Le marché potentiel Les opérateurs de lignes d’autocars en France n’ont pas attendu la fin des discussions au Parlement au sujet du projet de loi sur la libéralisation des lignes d’autocar pour élaborer une première ébauche de leur plan d’affaires et de la composition de leur parc de véhicules. Les constructeurs affûtent leur catalogue de produits, d’équipements et de solutions financières pour répondre à un maximum de demandes. En attendant les commandes fermes.
La fin de l’année 2014 a réservé une bonne surprise aux constructeurs.
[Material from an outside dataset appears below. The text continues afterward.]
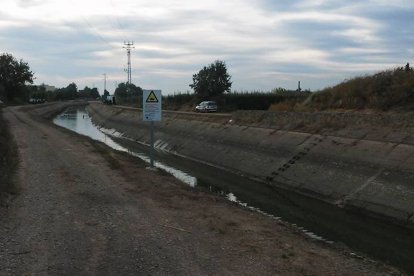 Aquesta és la zona del canal de Seròs en la qual va tenir lloc l’accident mortal el 8 d’octubre del 2016.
Non, ce ne sont pas les résultats des immatriculations du marché français, en recul de 15,4 % (voir notre article page 32), mais plutôt la présentation du projet de loi autorisant l’ouverture des lignes interrégionales.
De l’annonce à la réalité, la prudence est de mise, mais les directions commerciales des constructeurs ont senti que l’heure pouvait enfin être venue. Après l’Allemagne, la France allait à son tour profiter d’une bouffée d’oxygène pour la vente d’autocars de tourisme, un segment de marché en déclin depuis plusieurs années. « Beaucoup d’opérateurs sont dans les starting-blocks, des groupes ou des privés, et pour ceux déjà présents sur des lignes internationales, ce sera plus facile de déployer leur organisation et leurs services », témoigne Antoine Garnier, directeur commercial France et grands comptes internationaux d’Iveco Bus.
Et chacun de ces candidats s’est employé à solliciter les constructeurs pour construire leur business plan. « Nous sommes aujourd’hui dans le temps politique et dans celui de préparation des clients que nous accompagnons », ajoute Julien Calloud, directeur commercial autocars et autobus de Mercedes-Benz en France. « Il faut attendre les décrets d’application, mais en tout cas, nous sommes prêts, c’est une période que nous abordons avec beaucoup d’enthousiasme et de confiance. Plusieurs acteurs qui se positionnent nous ont approchés, des privés, des groupes », détaille, sans les nommer non plus, Julien Jarrossay, responsable cars et bus de Scania en France.
Mais de l’enthousiasme du devis à la commande ferme d’un véhicule de 200 000 à 350 000 €, il y a un monde. « C’est un pari pour les opérateurs, les grands comme les petits, il y a donc beaucoup de demandes, mais tout le monde ne remportera pas des lignes », complète Julien Jarrossay. « Nous sommes prêts à y répondre, mais les incertitudes restent encore nombreuses, on ne sait pas quand pourront démarrer les lignes, ni comment elles pourront être attribuées, plaide avec recul Antoine Garnier d’Iveco Bus, une intention est une chose, mais la réalité pourra être différente, par exemple quelle sera la répartition entre les groupes et les privés. »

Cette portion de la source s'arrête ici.